(EXERCISE PROMPT) Every record must appear in your copy exactly as written, with no pictures.

(EXTRACTED INFORMATION begins)

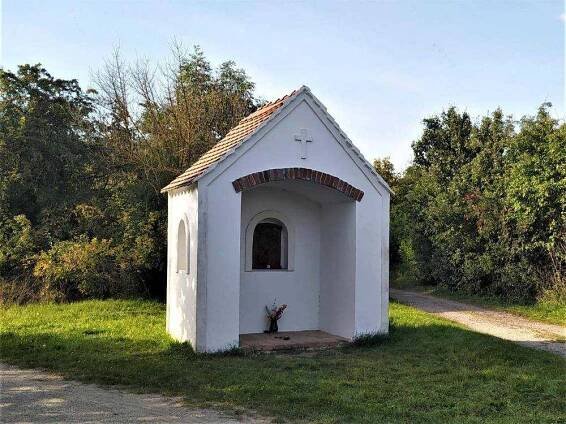 Kaplička svatého Huberta severně od Hnanic | Drobné památky 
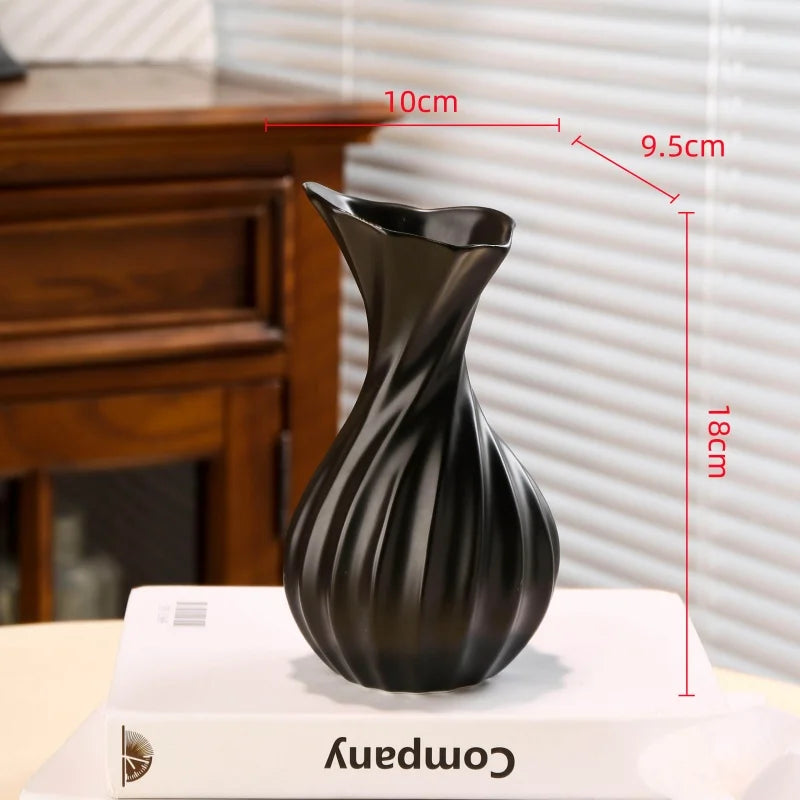 vase porcelaine blanc noir moderne sculptural abstrait plis irréguliers strié fleurs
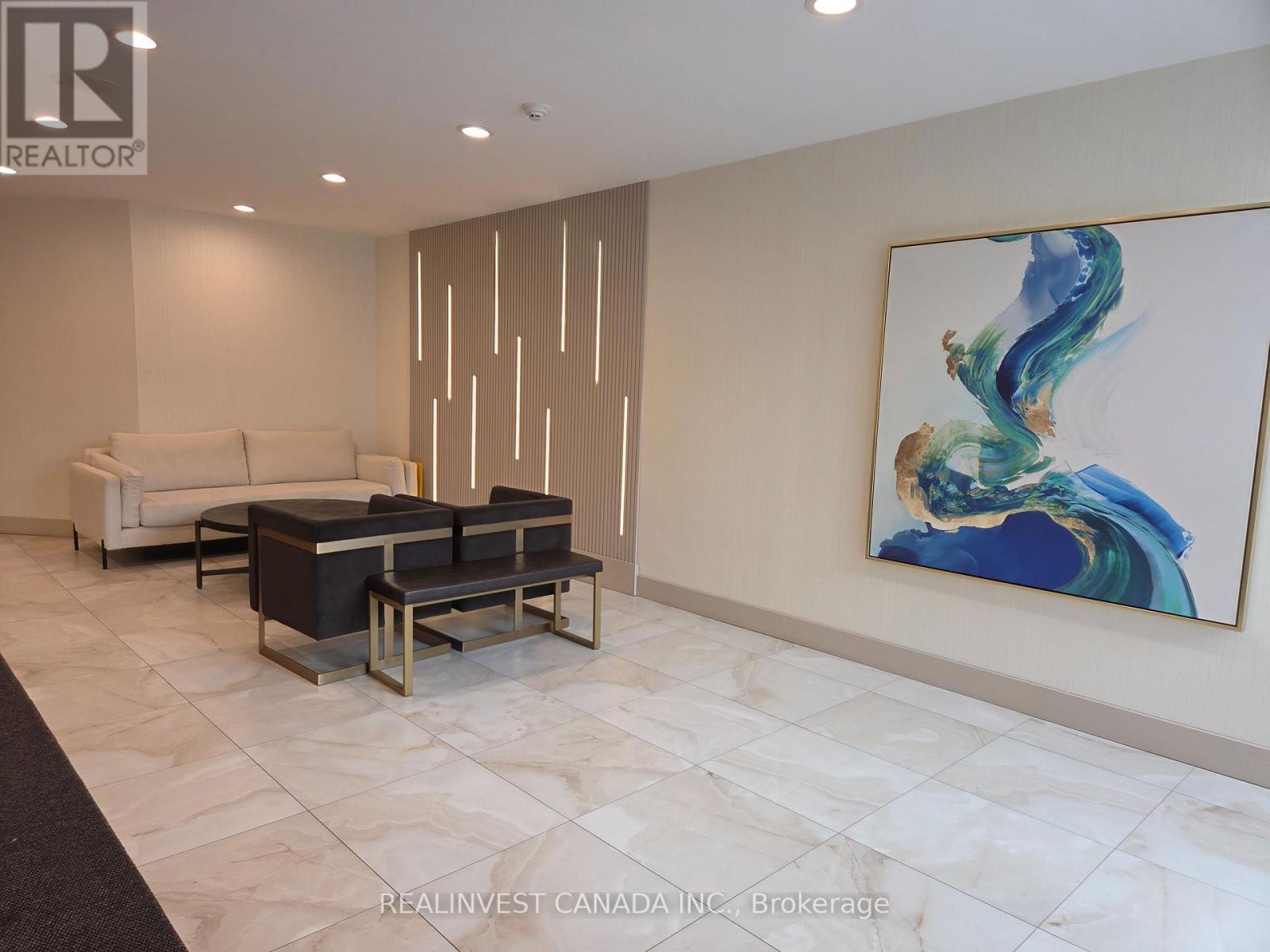 920 - 32 Clarissa Drive, Richmond Hill, Ontario  L4C 9R7 - Photo 6 - N12712780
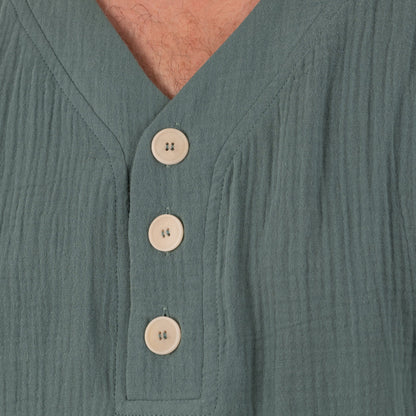 LEON Herrenshirt Musselin Petrol Detail Knopfleiste, Urheber: Mini & Eve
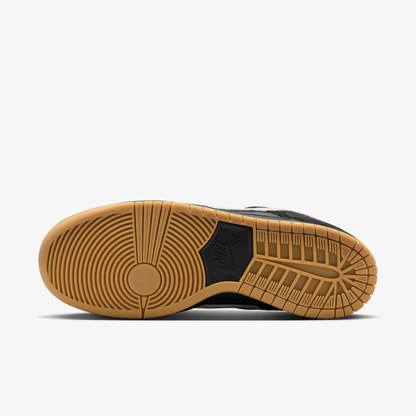 Nike SB Dunk Low Pro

(EXTRACTED INFORMATION ends)

(ANSWER SPACE)
 Kaplička svatého Huberta severně od Hnanic | Drobné památky 
 vase porcelaine blanc noir moderne sculptural abstrait plis irréguliers strié fleurs
 920 - 32 Clarissa Drive, Richmond Hill, Ontario  L4C 9R7 - Photo 6 - N12712780
 LEON Herrenshirt Musselin Petrol Detail Knopfleiste, Urheber: Mini & Eve
 Nike SB Dunk Low Pro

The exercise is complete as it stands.